Apart from the pictures, which must be omitted, restate the data exactly.

> Dataset extract:
[Start of Attachment]
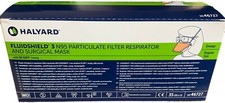 *35-Piece* Halyard FluidShield 3 Duckbill Filter Surgical Face Mask Orange 46727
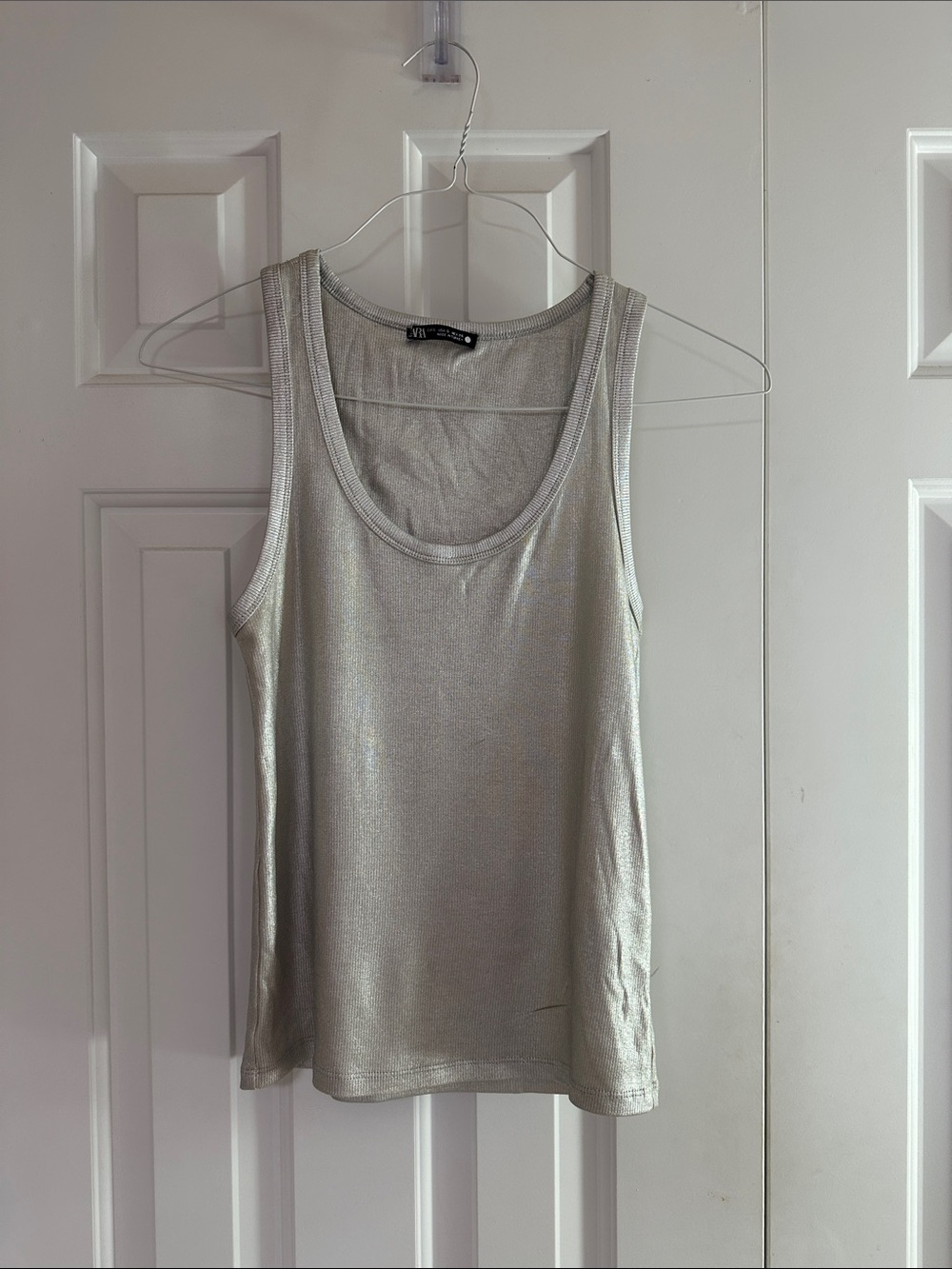 Zara Metallic Silver Scoop Tank Top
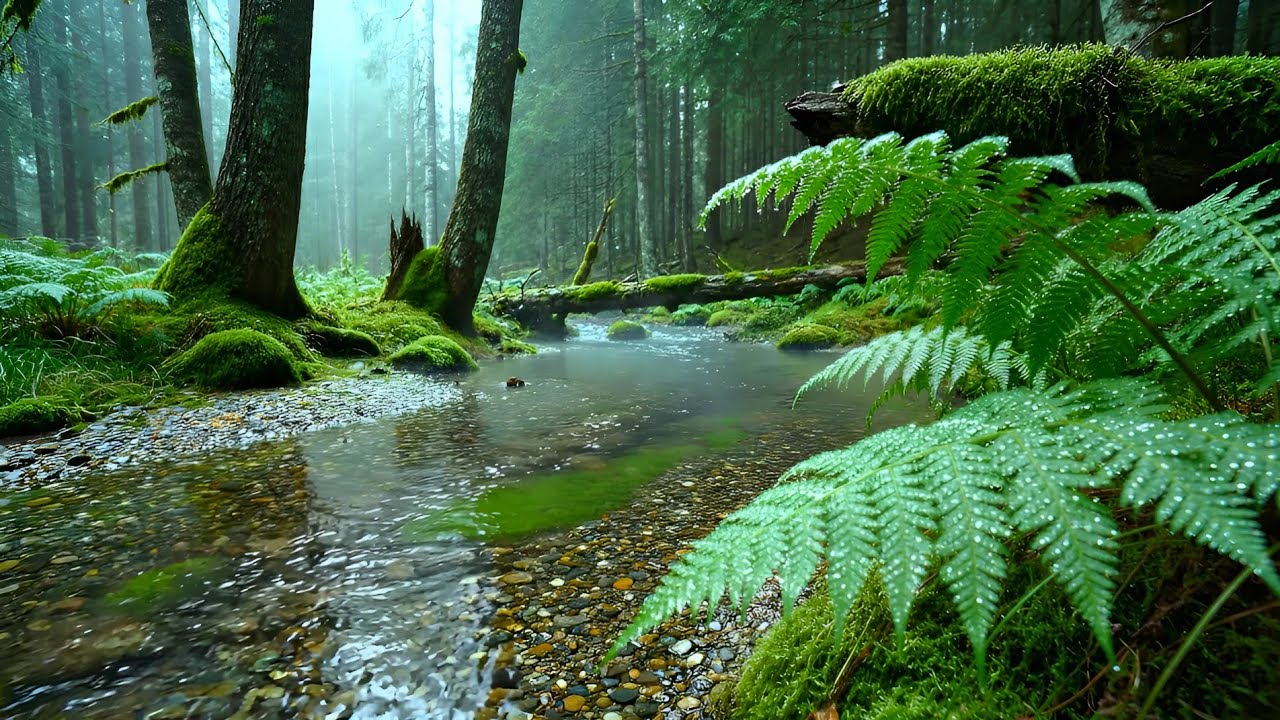 Calming Forest Ambience - Birds Singing Beautiful Stream Sounds for Medicine, Rest,Focus Study,Sleep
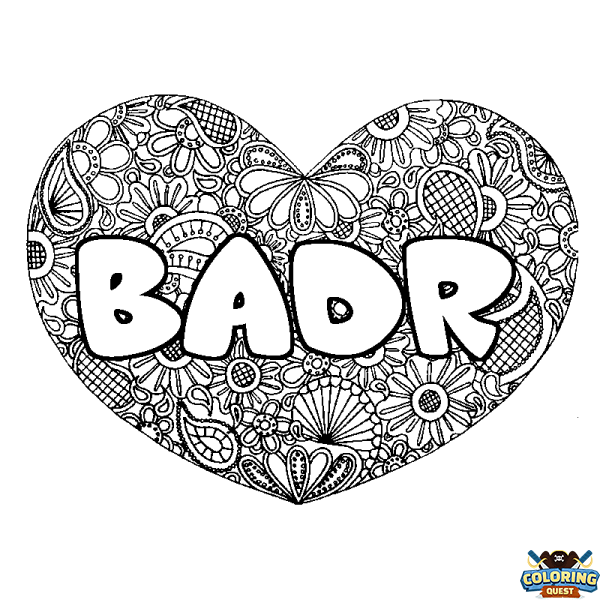 Coloring page first name BADR - Heart mandala background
[End of Attachment]
> Exercise response:
 *35-Piece* Halyard FluidShield 3 Duckbill Filter Surgical Face Mask Orange 46727
 Zara Metallic Silver Scoop Tank Top
 Calming Forest Ambience - Birds Singing Beautiful Stream Sounds for Medicine, Rest,Focus Study,Sleep
 Coloring page first name BADR - Heart mandala background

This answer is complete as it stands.